For positive integers \(x, y\), note that \[ \frac{1}{x} + \frac{1}{y} = \frac{1}{n} \] holds if and only if \[ (x - n)(y - n) = n^2 \] holds. Observe that if \(x, y\) are positive integers satisfying the given equation, then \(x > n\) and \(y > n\) holds. This shows that the solutions of the given equation over the positive integers are in one-to-one correspondence with the pairs of positive integers \((a, b)\) such that \(ab = n^2\), through the map \[ (a + n, b + n) \leftrightarrow (a, b). \] Hence, the set of positive integers \(n\) satisfying \(S(n) = 5\) is equal to the set of positive integers \(n\) such that \(n^2\) has precisely \(5\) positive divisors. Note that any such integer \(n\) is larger than \(1\).

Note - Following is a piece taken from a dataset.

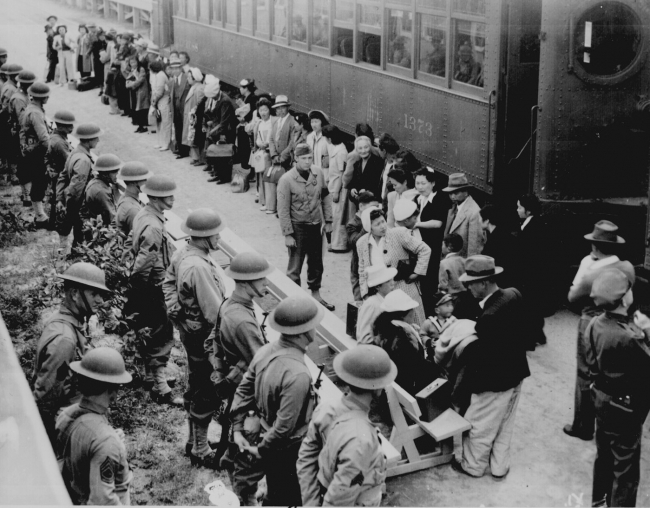 Persons of Japanese ancestry arrive at the Santa Anita Assembly 
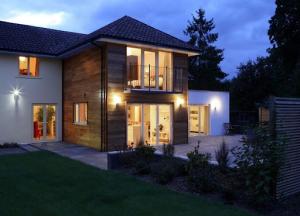 Alt text: house illuminated by lights at night, representing the importance of energy inspections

Writing \(n\) as a product of powers of distinct primes, it follows that \(n^2\) has precisely \(5\) positive divisors if and only if \(n\) is the square of a prime. Indeed, if \(p_1, \dots, p_r\) are distinct primes, and \(a_1, \dots, a_r\) are positive integers, then the integer \((p_1^{a_1} \dots p_r^{a_r})^2\) has precisely \(5\) positive divisors if and only if \[ (2a_1 + 1)(2a_2 + 1) \dots (2a_r + 1) = 5 \] holds, which is equivalent to \(r = 1, a_1 = 2\). This proves that the positive integers satisfying \(S(n) = 5\) are precisely the squares of the primes.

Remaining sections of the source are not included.